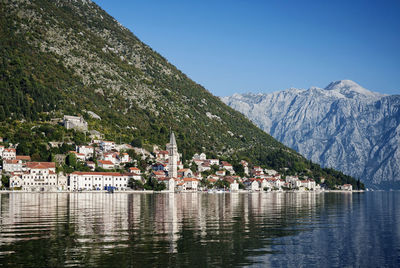 Scenic view of lake by buildings against sky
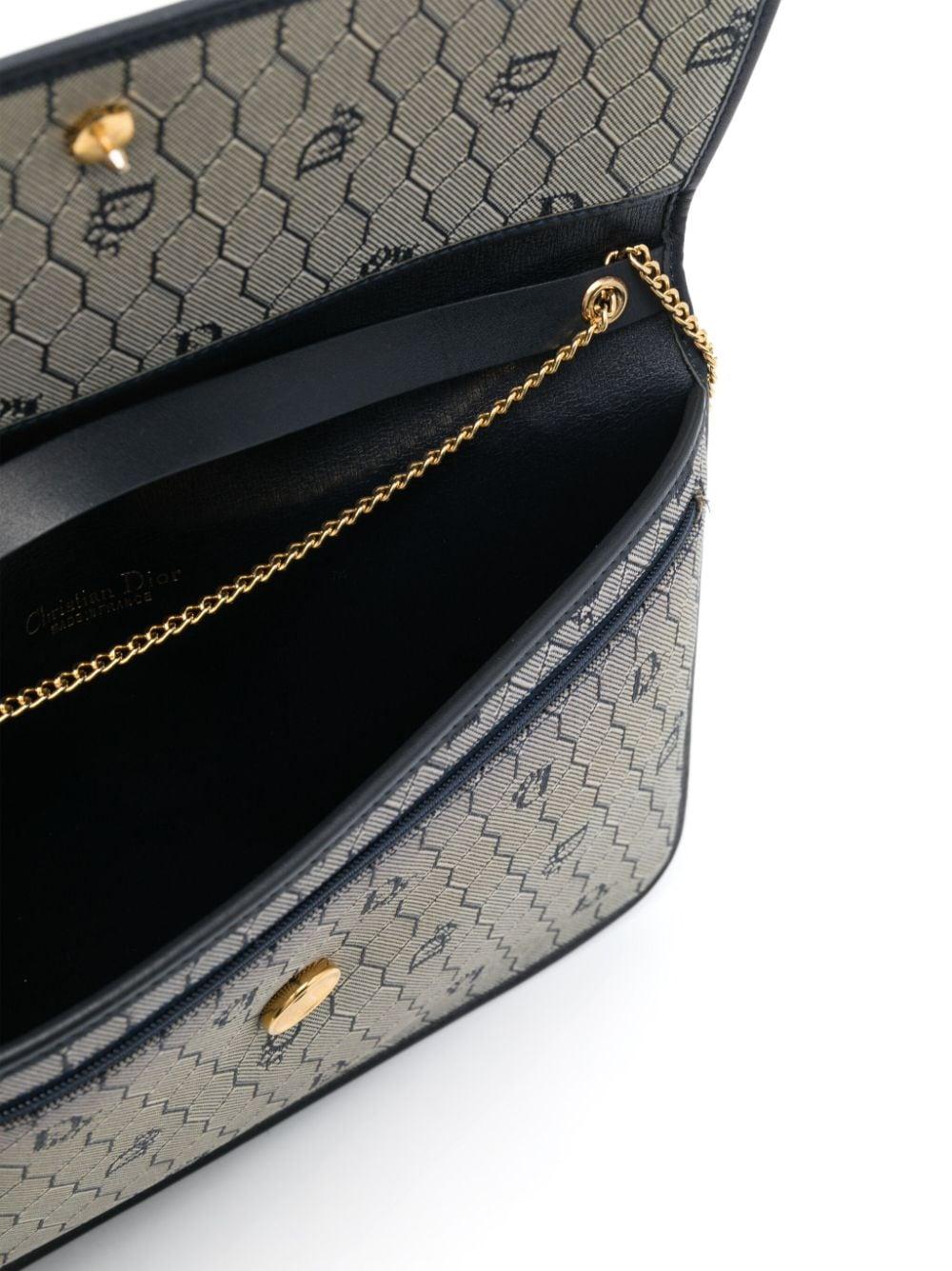 1980s Christian Dior Navy Honeycomb Navy Shoulder Bag In Good Condition For Sale In Paris, FR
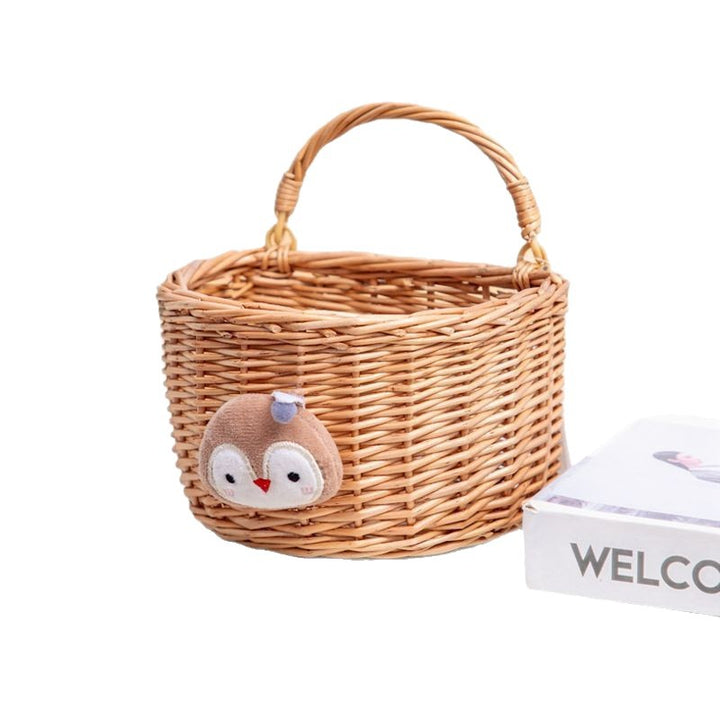 Decorative Woven Storage Basket with Plush Animal Kalsten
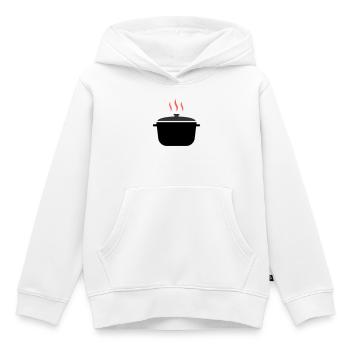 Cuisson à la vapeur dans une casserole - Sweat Premium à capuche enfant bio - blanc - Devant - AI Model Kid Female (0cm)
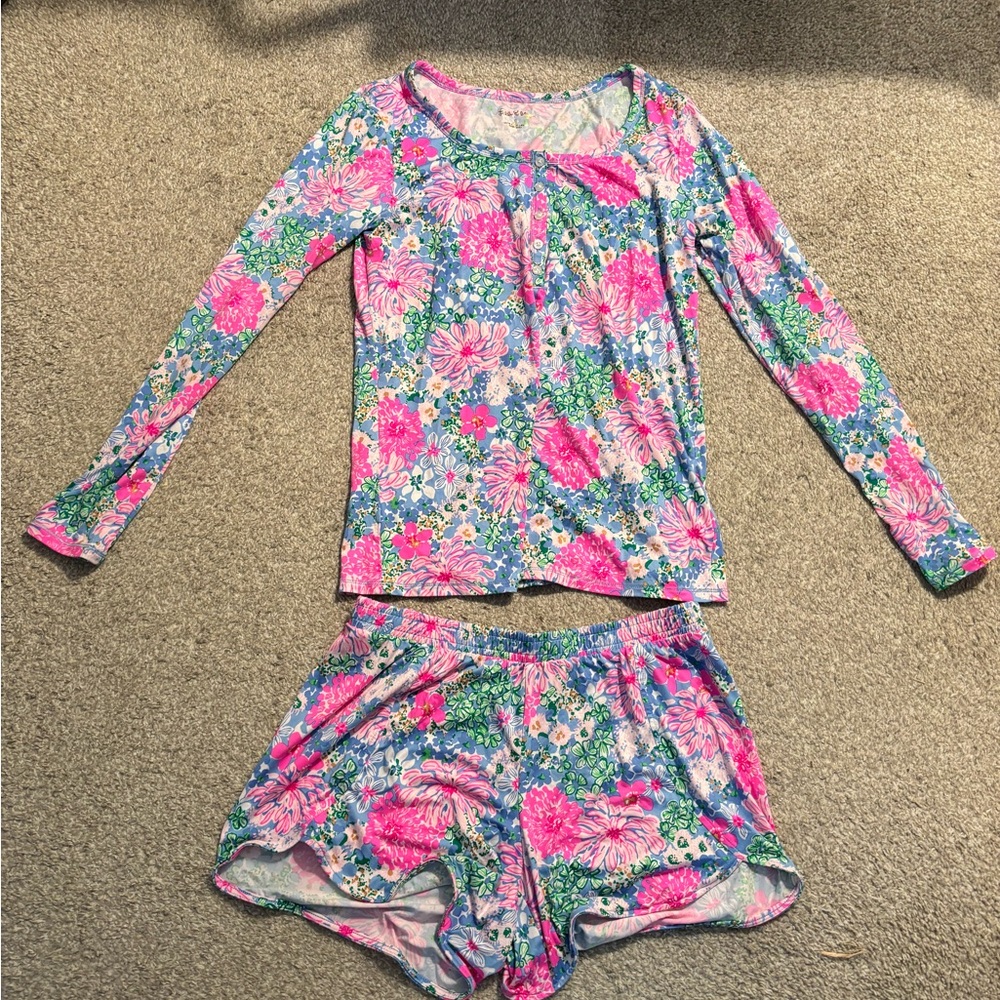 Lilly Pulitzer Floral Pajama Set - Pink and Blue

Goal of the exercise
Print the data once more without any change, skipping each picture.

Written reply
 Scenic view of lake by buildings against sky
 1980s Christian Dior Navy Honeycomb Navy Shoulder Bag In Good Condition For Sale In Paris, FR
 Decorative Woven Storage Basket with Plush Animal Kalsten
 Cuisson à la vapeur dans une casserole - Sweat Premium à capuche enfant bio - blanc - Devant - AI Model Kid Female (0cm)
 Lilly Pulitzer Floral Pajama Set - Pink and Blue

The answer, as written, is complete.